» Description of the task
Starting at the line containing "Sneakers basse in pelle nere di Reebok" and ending at the line containing "Mardin'de mobilya yüklü", print every line of the material below exactly, both ends included, and stop there.

» Material to process
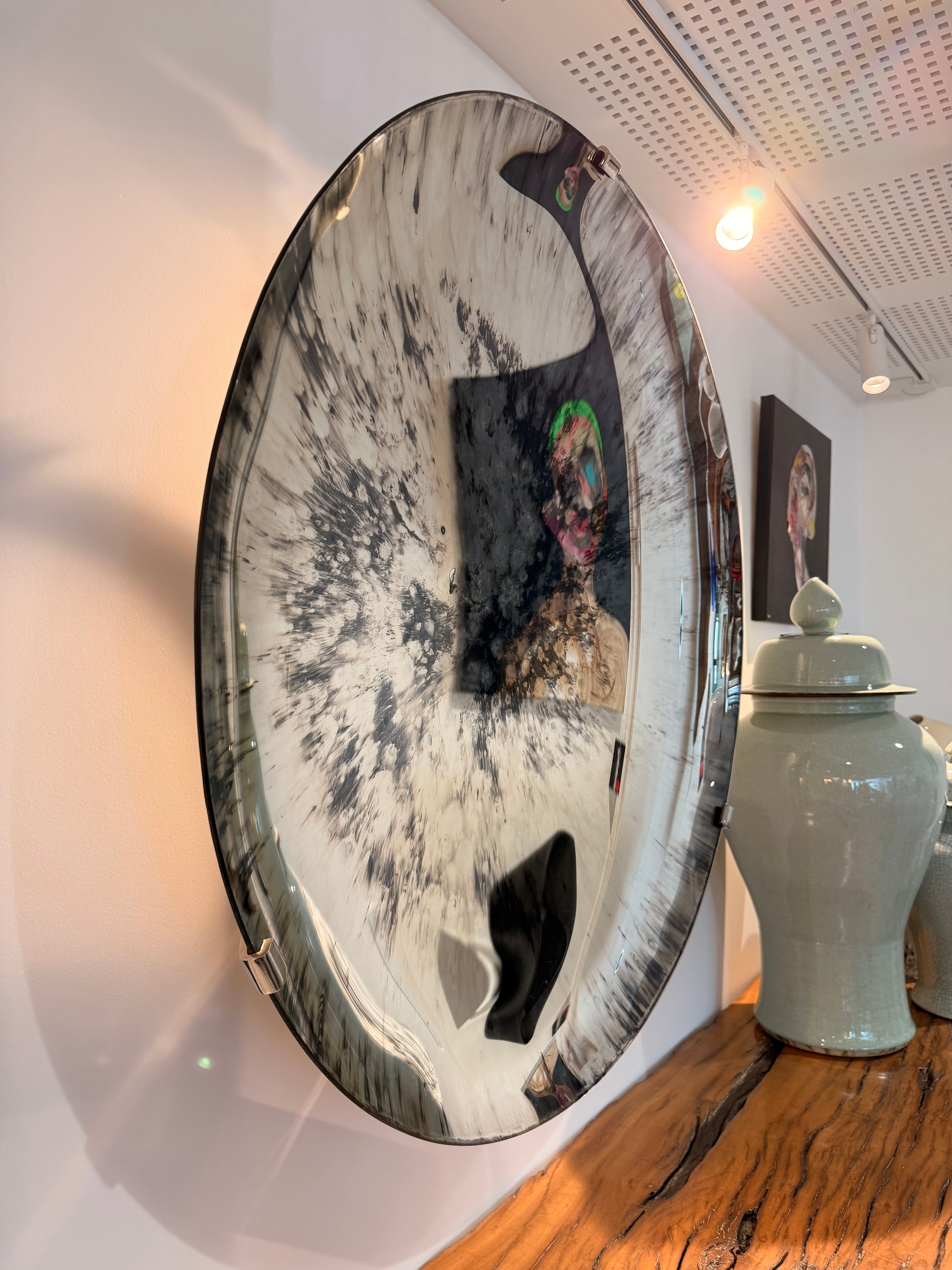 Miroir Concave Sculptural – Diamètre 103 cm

--

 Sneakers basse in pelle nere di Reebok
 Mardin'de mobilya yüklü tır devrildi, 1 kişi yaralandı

* * *

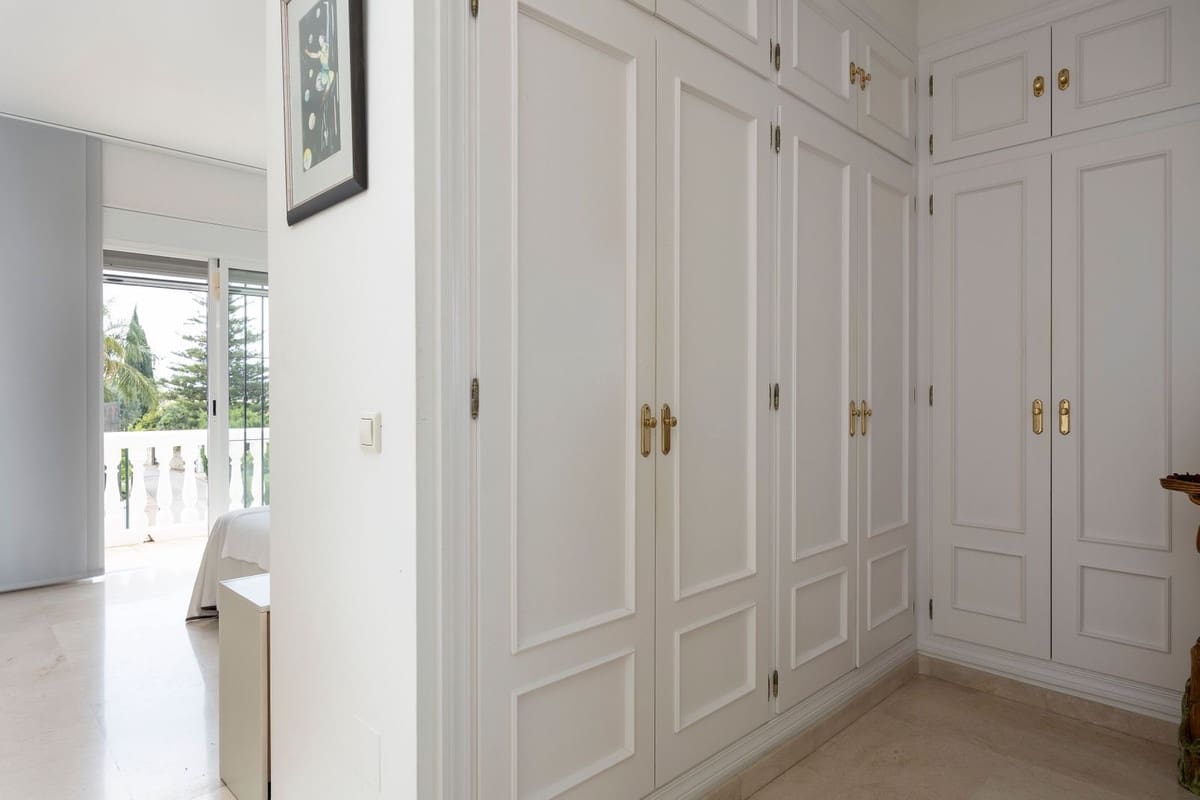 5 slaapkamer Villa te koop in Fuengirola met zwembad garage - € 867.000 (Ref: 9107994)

» Output for this exercise
 Sneakers basse in pelle nere di Reebok
 Mardin'de mobilya yüklü tır devrildi, 1 kişi yaralandı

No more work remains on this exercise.